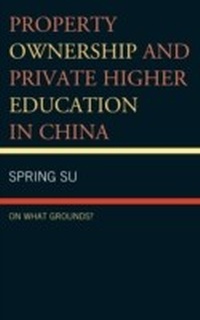Abbildung von: Property Ownership and Private Higher Education in China - Bloomsbury eBooks US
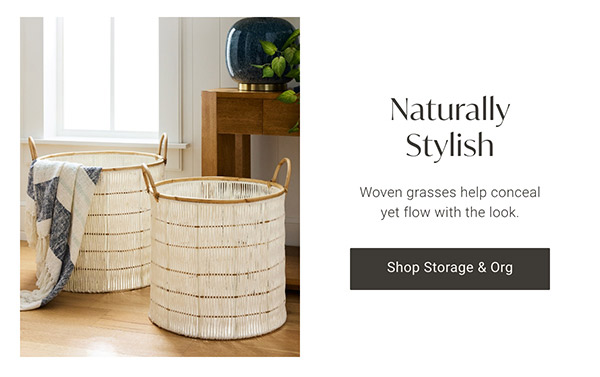 Naturally Stylish | Shop Storage & Organization >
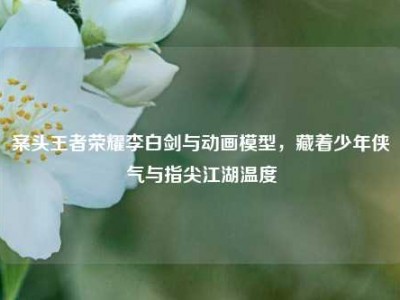 案头王者荣耀李白剑与动画模型，藏着少年侠气与指尖江湖温度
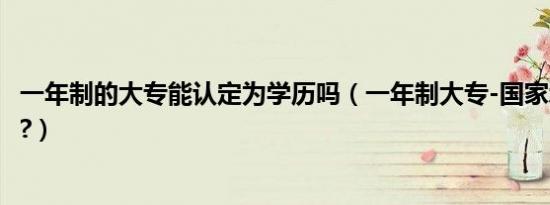 一年制的大专能认定为学历吗（一年制大专-国家承认学历吗?）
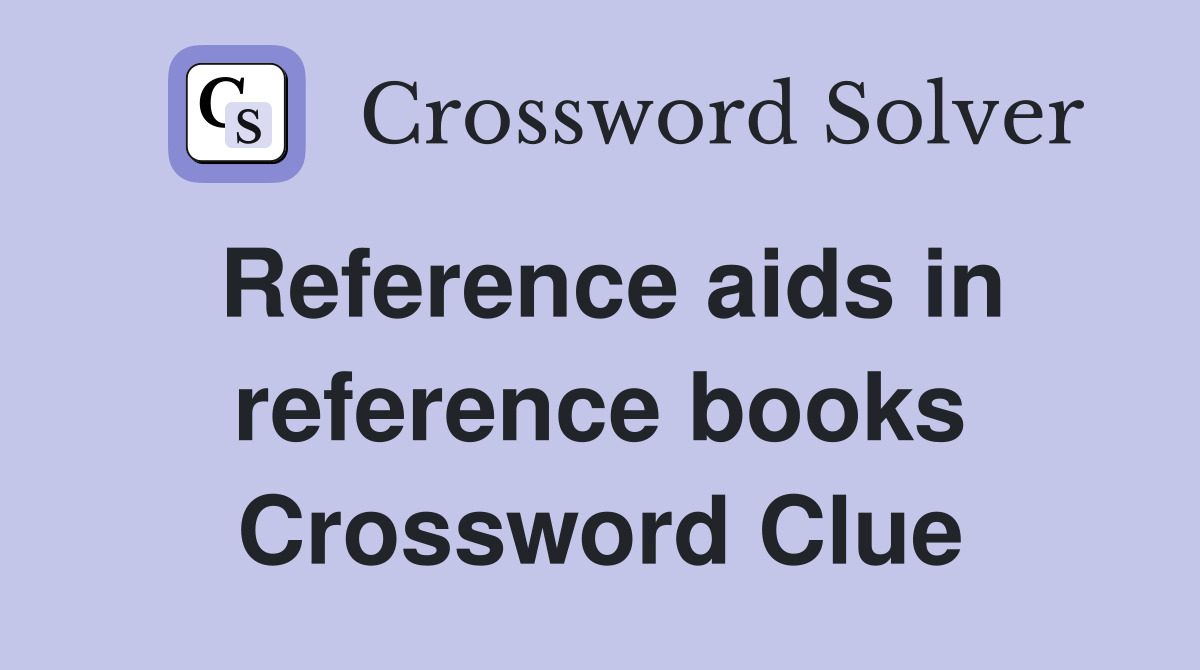 Reference aids in reference books Crossword Clue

========

» What the exercise asks
A verbatim copy of every record is required, with all pictures excluded.

» Answer to this exercise
Abbildung von: Property Ownership and Private Higher Education in China - Bloomsbury eBooks US
 Naturally Stylish | Shop Storage & Organization >
 案头王者荣耀李白剑与动画模型，藏着少年侠气与指尖江湖温度
 一年制的大专能认定为学历吗（一年制大专-国家承认学历吗?）
 Reference aids in reference books Crossword Clue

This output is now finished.